I started my first ever job as an independent software engineer, which was a big (albeit slightly unplanned) milestone in my development career. Along with getting used to working fully remotely and configuring all of the ropes for my new consulting company, I’m procrastinating and preparing to give a talk at PyCon UK 2017. The topic is machine learning security - a newly formed field that blends aspects of infosec and ML engineering. I discover lots of gems while making my slides: self-driving cars that can be confused by salt circles, neural network image classifiers that misclassify pandas as gibbons and June, the oven that is connected to a GPU so it can use machine learning to find the optimal temperature for your cupcakes. I make the trip to Cardiff and spend a day holed into my hotel room practicing my talk over and over again. In the evening, the evening of a great boxing match in the Cardiff stadium, the streets are the colour of flashing bright blue and red and the shadows of hundreds of people walking across the streets to see the match. I walk past them and the castle and look into the glass eyes of the stone animal statues.


I attend Container Camp London and learn a bit about container security from Andrew Martin and Ben Hall using Katakoda. I realise that things move quickly in the infra & ops space. The difference in talks between this year and last year is staggering: all of a sudden a whole new vocabulary has evolved for discussing platform architecture - service mesh, container orchestration, managing state and secrets and so forth. Jess Fraz and her amicontained tool gets a shoutout in the closing hacking containers finale - all jokes and super long and frightening bash scripts courtesy of Andrew Martin and Ben Hall. I think I might have gone home and tried some of the techniques on, but unsuccessfully.

Rome and all of its delights, but most of all the canoli and the coffee. I finally saw the Ecstasy of St. Teresa at the Santa Maria della Vittoria and the Pieta. On a group tour of the Vatican, I stood next to an elderly American lady who was visiting Rome with her extended family.
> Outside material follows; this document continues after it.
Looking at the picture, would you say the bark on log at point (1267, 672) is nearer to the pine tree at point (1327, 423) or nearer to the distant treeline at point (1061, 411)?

In the Sistine chapel, ushered in by the neverending flow of the crowds and shushed several times by a policeman standing by the microphone, we smiled at each other and looked at the frescoes. I remember the heat of the summer that seeped through the doors and the windows and made the air inside heavy or perhaps it was the collective warmth from the bodies of hundreds of tourists gathered inside. The sussuration of hundreds of people wrinkles the silence and I wonder, what is it like to inhabit this space alone.


I’m not in a good place and trying to reconcile my decision to leave a development job I had wanted for a long time with the challenges that I faced. The one good thing about the whole situation is that I can finally enjoy the sun and the Thames.


I read a lot.


I go to Borrowdale and attempt to hike Skiddaw. My map reading skills being what they are, I end up on the summit of Little Man. I stand next to the trig point and puzzle over the map while the fog and clouds swirl around me and conclude that I must have reached Skiddaw only to descend and realise that the summit is further away. In the end, I make an attempt at Skiddaw, but give up due to poor visibility. Until next time, Skiddaw! I descend past the summit and Sale How to the Skiddaw YHA hostel and then follow the Cumbria Way into the valley. The cloud cover disperses and the most brilliant beautiful sunlight illuminates the valley and the mountain streams running through the veins of the mountain. I’ve never felt so alive and at peace.


Working and doubting some of my choices.


I summit Snowdon using the Llanberis Way.


A brief visit home to enjoy the snow and then back to work.


Promotions. I recall a Hacker News comment about prestige that Dan Luu has kindly preserved for posterity.